### Assigned task
An exact reproduction of all the data is needed, with no images in it.

### Data section
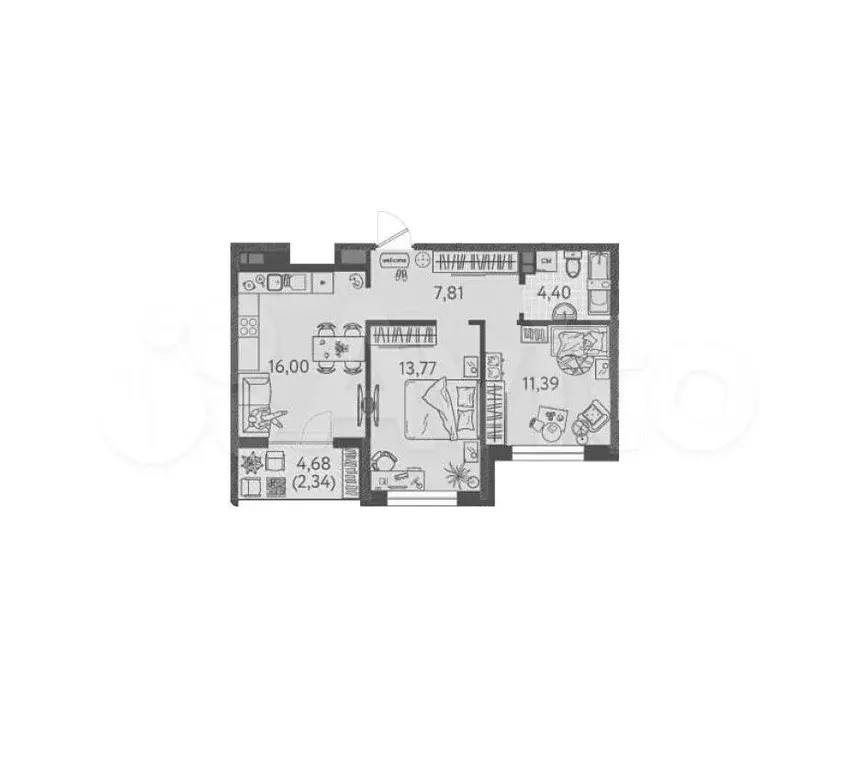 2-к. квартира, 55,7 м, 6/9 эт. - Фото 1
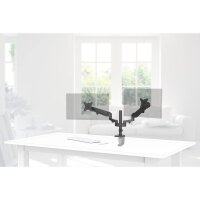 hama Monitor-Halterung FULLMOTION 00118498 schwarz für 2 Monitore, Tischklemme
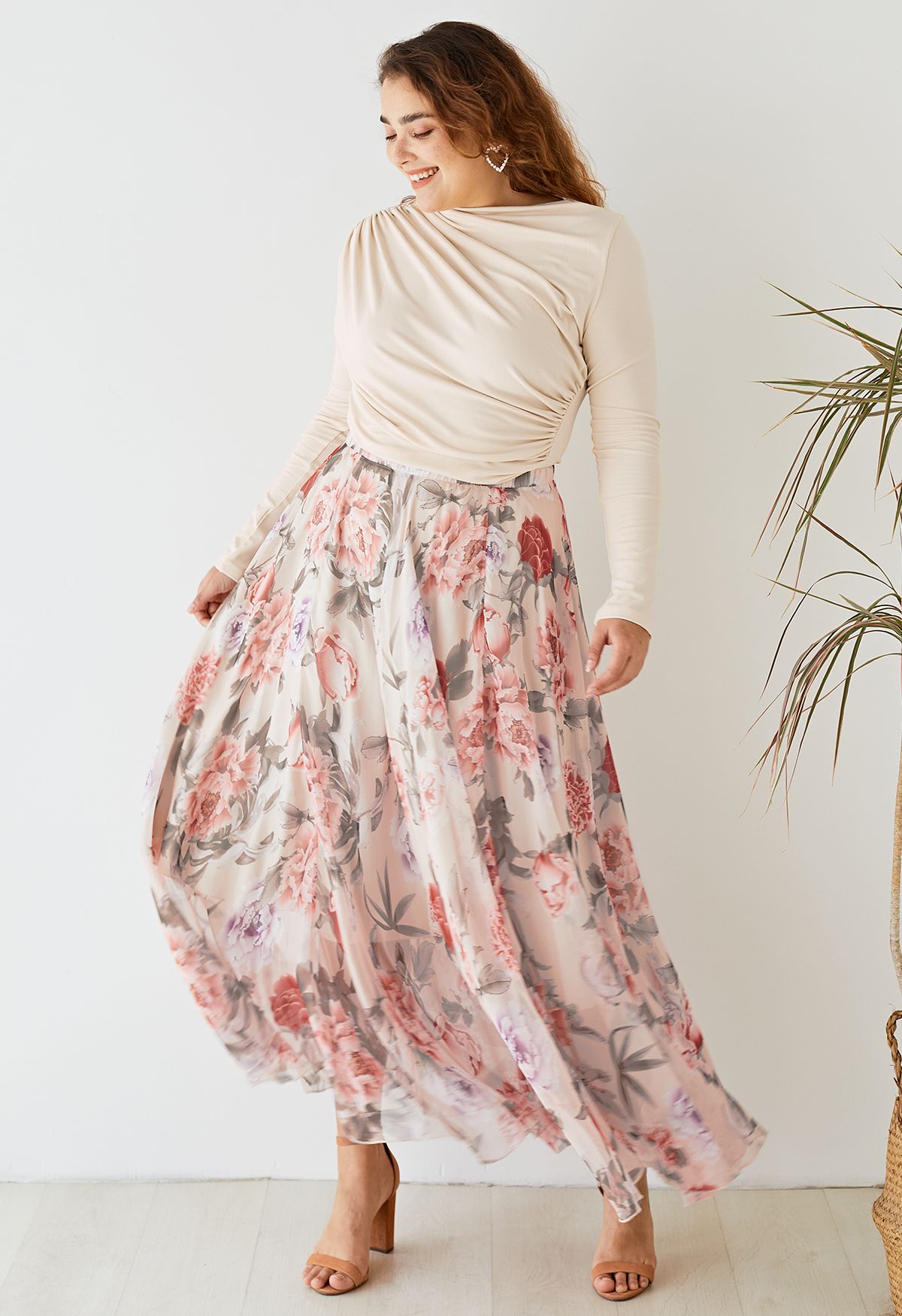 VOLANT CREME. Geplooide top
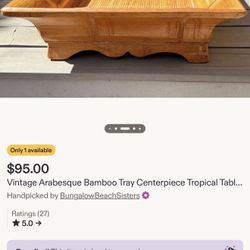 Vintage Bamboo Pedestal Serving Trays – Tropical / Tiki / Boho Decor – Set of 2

### Result of the task
 2-к. квартира, 55,7 м, 6/9 эт. - Фото 1
 hama Monitor-Halterung FULLMOTION 00118498 schwarz für 2 Monitore, Tischklemme
 VOLANT CREME. Geplooide top
 Vintage Bamboo Pedestal Serving Trays – Tropical / Tiki / Boho Decor – Set of 2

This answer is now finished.